The SAM-7 missiles are remnants of the civil war between Ortega's Sandinista National Liberation Front and US-backed Contra rebels in the 1980s.
by Staff Writers
Managua (AFP) July 28, 2008
The United States has offered Nicaragua healthcare aid in exchange for the destruction of 657 Soviet-made missiles acquired to fight US-backed rebels in the 1980s, the US ambassador said here.

Washington has long pressured Nicaragua to destroy the anti-aircraft missiles as part of a global effort to remove old weapons that could fall into the hands of terrorists.

The exchange deal was prepared "by a team from the (US) Department of Defense specialized in the administration of hospitals, medicines, and technical equipment," who recently visited the country, and the Nicaraguan health ministry, said US ambassador Paul Trivelli on a television news program late Sunday.

It was now up to Nicaraguan President Daniel Ortega, who proposed the medical-missile exchange last year, to sign the deal to hand over 657 of some 1,000 missiles still held, Trivelli said, without detailing the medical aid.

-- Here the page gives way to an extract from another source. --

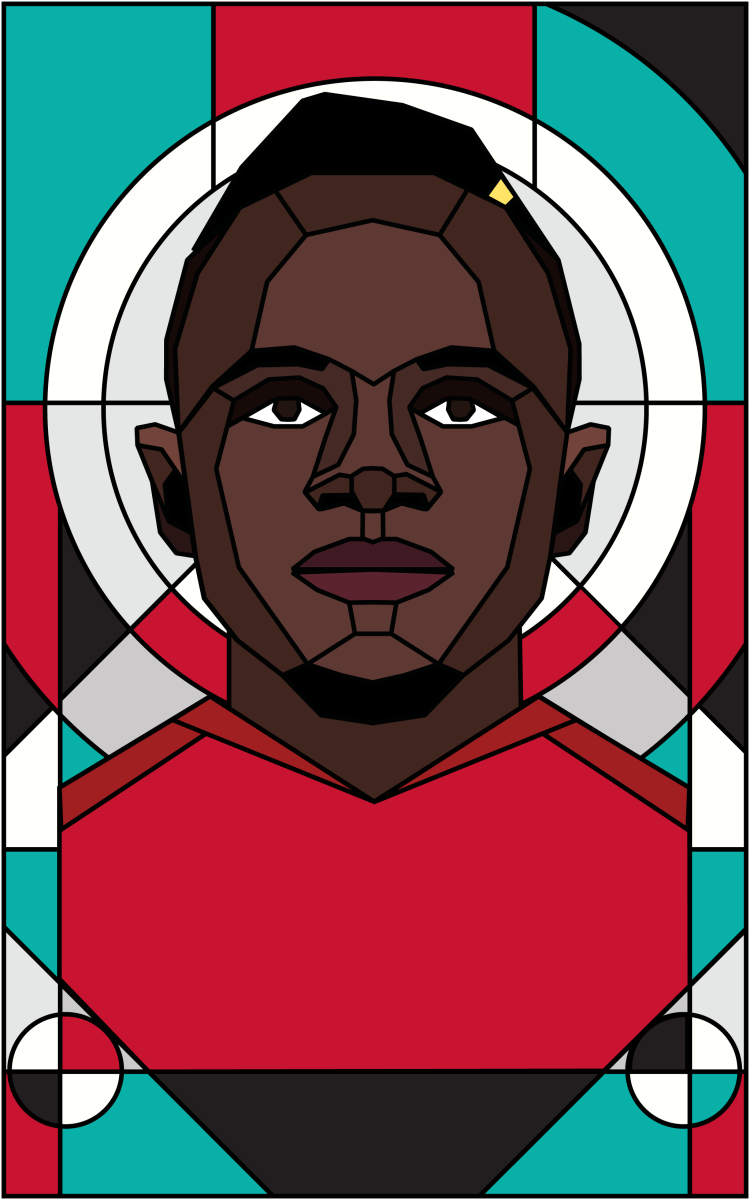 些身经百战 些身经百战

Ortega has said he would keep some 400 missiles for national security reasons.

The SAM-7 missiles are remnants of the civil war between Ortega's Sandinista National Liberation Front and US-backed Contra rebels in the 1980s.

Former Nicaraguan president Enrique Bolanos destroyed 1,000 such missiles in 2004.

Ortega, a former Marxist guerrilla and Cold War-era foe of the United States, was elected for a second term in 2006.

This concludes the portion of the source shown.